Aged 17 I joined he British Army and later became a commando, was captured during he invasion of Sicily and was a POW in Austria.
After 7 years of army life I found it hard to settle. I used my demobilisation pay to purchase a seat on a BOAC flying boat at the cost of 260 pounds sterling to come out to Australia to meet up with two Australians from POW life. I left England 24th April 1947 and arrived at Rose Bay, Sydney midnight on the 3rd May. The trip took nine days, landing very night. The flight was held up in Indonesia one extra day while they were fighting for their independence. We couldn’t land at Bowen, Qld as it was too rough. Six young Greek women were very sick, as were their chaperons.They had been married by proxy. On arrival a porter sent me to a B&B run by a war widow, an English lady who introduced me to he national breakfast of steak and eggs.
I had 6 pounds five shillings left of my money, so I had to find work at once. The landlady told me to go to Darling Harbour where I found work the next morning, moving a wheat stack which was collapsing.
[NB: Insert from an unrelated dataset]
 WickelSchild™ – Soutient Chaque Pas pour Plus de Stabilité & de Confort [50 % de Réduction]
I made seven pounds 10 shillings in 2 days which paid my fare to Melbourne, where my Aussie POW friend lived. His house was my base for a couple of weeks until I found a job pruning trees in Northern Victoria. Not a pleasant period, as the workers all seemed to on the run from something or other and suspected me, as my speech and clothing were different. I had a lot of trouble there.
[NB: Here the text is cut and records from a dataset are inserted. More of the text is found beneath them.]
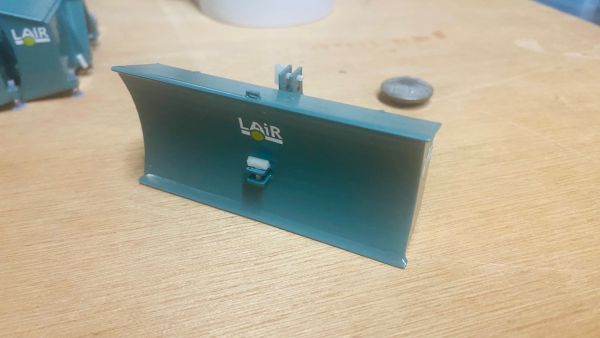 CW0001 - Klinge LAIR blau - 1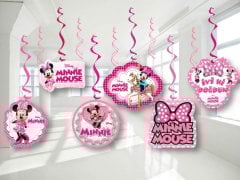 Minnie Mouse Tavan Süsü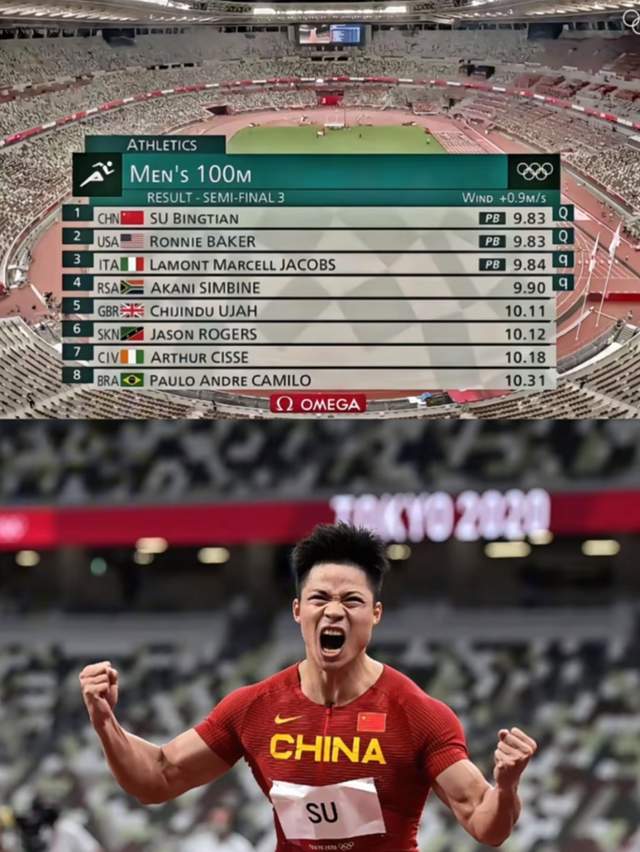 苏炳添主教练3选1冲上热搜(苏炳添主教练3选1冲上热搜是真的吗)|MW电子游戏平台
I worked in Victoria for some time, fencing and farm work, in fact anything. One day I got talking with a stationhand who told me to go into NSW to Woomera West Station as they wanted two jackeroos to work there. In those days jackeroos were taught farm management for 2 pounds a week plus keep. I knew them that I had arrived at the real Australia. A marvellous time.
For some years I worked at rice farming, sleeper cutter and stockwork. After losing all my money in a disastrous rice crop, when wild ducks left the rice bays bare, I headed for the Snowy Hydro Scheme, where I worked as a diamond driller as they searched for good tunnel rock. That was in 1953.
When the State Government started to spread electricity power into the country areas I left the Snowy and jot a job with a French company called “Electrical Transmission”, erecting the towers, pylons and poles, etc, all for high tension. Once the grid was working I left to work for a furniture retailer. This fitted in better with married life which was expanding quickly – My Australian wife and seven children.
Now we are grandparents of 15 little Aussie grandchildren with the combined blood of Irish, Scottish, English, German, Polish, Danish, Indonesian, Hungarian and Romanian.
We retired to the NSW South Coast in 1975 and are quite satisfied with how we have played out our lives. Not bad for someone who came out to Australia with just a jingle in his pocket!